Let’s now review hedge fund activity in other stocks similar to Bed Bath & Beyond Inc. (NASDAQ:BBBY). We will take a look at Actuant Corporation (NYSE:ATU), Sonic Automotive Inc (NYSE:SAH), Qiwi PLC (NASDAQ:QIWI), and Eidos Therapeutics, Inc. (NASDAQ:EIDX). This group of stocks’ market values resemble BBBY’s market value.
|Ticker||No of HFs with positions||Total Value of HF Positions (x1000)||Change in HF Position|
View table here if you experience formatting issues.
As you can see these stocks had an average of 12.25 hedge funds with bullish positions and the average amount invested in these stocks was $147 million.
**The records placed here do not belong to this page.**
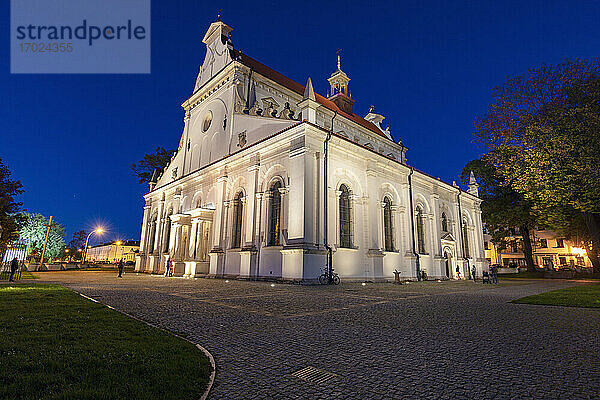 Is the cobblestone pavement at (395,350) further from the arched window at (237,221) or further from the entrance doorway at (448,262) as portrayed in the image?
the entrance doorway at (448,262)

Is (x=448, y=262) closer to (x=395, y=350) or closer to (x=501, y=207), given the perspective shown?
(x=501, y=207)

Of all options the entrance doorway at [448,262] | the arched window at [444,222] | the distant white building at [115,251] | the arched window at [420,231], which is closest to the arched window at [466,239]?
the arched window at [444,222]

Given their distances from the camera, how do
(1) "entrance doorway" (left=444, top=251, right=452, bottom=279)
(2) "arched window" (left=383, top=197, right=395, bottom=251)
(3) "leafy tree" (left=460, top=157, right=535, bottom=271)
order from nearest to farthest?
(2) "arched window" (left=383, top=197, right=395, bottom=251) < (1) "entrance doorway" (left=444, top=251, right=452, bottom=279) < (3) "leafy tree" (left=460, top=157, right=535, bottom=271)

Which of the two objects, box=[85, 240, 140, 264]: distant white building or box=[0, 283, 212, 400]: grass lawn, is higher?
box=[85, 240, 140, 264]: distant white building

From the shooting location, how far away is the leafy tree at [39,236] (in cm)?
5607

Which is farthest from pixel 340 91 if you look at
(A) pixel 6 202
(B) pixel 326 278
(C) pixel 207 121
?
(A) pixel 6 202

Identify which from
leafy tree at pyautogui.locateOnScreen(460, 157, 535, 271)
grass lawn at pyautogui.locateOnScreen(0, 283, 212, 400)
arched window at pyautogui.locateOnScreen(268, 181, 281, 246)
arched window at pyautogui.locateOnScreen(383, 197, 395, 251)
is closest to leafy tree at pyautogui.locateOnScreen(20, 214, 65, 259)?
arched window at pyautogui.locateOnScreen(268, 181, 281, 246)

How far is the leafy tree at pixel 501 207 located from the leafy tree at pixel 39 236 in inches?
2655

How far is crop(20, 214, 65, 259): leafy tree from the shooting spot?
5607cm

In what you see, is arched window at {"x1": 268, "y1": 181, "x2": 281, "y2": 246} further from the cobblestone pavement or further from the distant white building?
the distant white building

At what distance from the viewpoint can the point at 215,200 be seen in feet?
81.1

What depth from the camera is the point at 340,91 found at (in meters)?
35.9

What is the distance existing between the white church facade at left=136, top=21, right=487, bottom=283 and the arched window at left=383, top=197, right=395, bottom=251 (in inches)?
3.2

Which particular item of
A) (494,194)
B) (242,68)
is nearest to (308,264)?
(242,68) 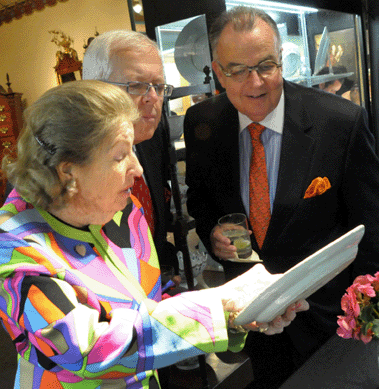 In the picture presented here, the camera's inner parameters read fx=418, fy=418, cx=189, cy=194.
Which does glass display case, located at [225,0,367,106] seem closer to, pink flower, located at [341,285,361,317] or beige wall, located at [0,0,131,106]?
pink flower, located at [341,285,361,317]

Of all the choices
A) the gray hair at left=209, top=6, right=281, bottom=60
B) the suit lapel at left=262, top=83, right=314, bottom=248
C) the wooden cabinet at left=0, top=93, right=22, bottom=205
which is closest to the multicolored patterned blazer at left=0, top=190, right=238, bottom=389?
the suit lapel at left=262, top=83, right=314, bottom=248

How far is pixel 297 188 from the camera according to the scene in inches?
61.1

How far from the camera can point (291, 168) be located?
5.15ft

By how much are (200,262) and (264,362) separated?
522 millimetres

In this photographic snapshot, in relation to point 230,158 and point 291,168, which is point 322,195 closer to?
point 291,168

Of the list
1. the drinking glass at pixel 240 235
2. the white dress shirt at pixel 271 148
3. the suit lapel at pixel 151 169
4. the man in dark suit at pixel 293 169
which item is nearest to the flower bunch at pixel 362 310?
the drinking glass at pixel 240 235

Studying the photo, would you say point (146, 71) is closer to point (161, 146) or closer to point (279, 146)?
point (161, 146)

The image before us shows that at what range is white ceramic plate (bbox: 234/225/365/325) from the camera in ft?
2.51

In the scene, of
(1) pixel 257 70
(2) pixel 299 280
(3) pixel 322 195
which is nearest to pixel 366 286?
(2) pixel 299 280

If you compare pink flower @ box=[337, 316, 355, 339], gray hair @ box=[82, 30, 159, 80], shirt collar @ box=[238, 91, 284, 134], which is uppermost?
gray hair @ box=[82, 30, 159, 80]

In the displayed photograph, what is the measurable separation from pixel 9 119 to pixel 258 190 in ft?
23.8

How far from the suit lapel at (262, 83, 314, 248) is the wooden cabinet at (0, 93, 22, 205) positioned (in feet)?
22.5

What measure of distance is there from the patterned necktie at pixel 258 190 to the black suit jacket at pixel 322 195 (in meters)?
0.05

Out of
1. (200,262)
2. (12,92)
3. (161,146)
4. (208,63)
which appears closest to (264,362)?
(200,262) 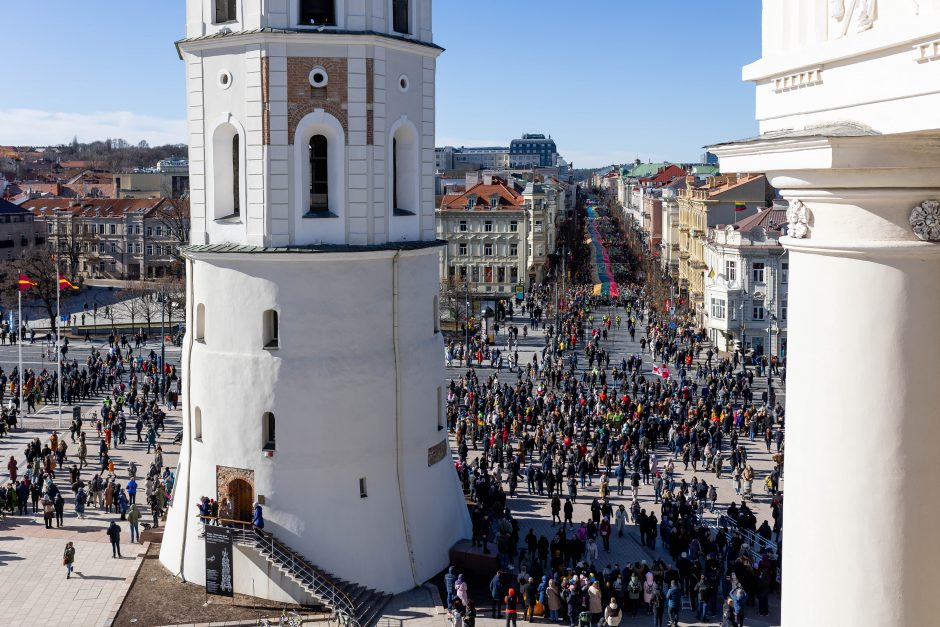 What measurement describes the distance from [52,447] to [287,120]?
21909mm

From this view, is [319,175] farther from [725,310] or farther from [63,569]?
[725,310]

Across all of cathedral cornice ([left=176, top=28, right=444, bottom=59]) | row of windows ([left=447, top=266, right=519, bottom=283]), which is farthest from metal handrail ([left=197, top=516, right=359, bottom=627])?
row of windows ([left=447, top=266, right=519, bottom=283])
That figure was $162 million in BBBY’s case. Eidos Therapeutics, Inc. (NASDAQ:EIDX) is the most popular stock in this table. On the other hand Actuant Corporation (NYSE:ATU) is the least popular one with only 10 bullish hedge fund positions. Compared to these stocks Bed Bath & Beyond Inc. (NASDAQ:BBBY) is more popular among hedge funds. Our calculations showed that top 20 most popular stocks among hedge funds returned 41.3% in 2019 and outperformed the S&P 500 ETF (SPY) by 10.1 percentage points. Hedge funds were also right about betting on BBBY as the stock returned 60.8% in 2019 and outperformed the market by an even larger margin. Hedge funds were clearly right about piling into this stock relative to other stocks with similar market capitalizations.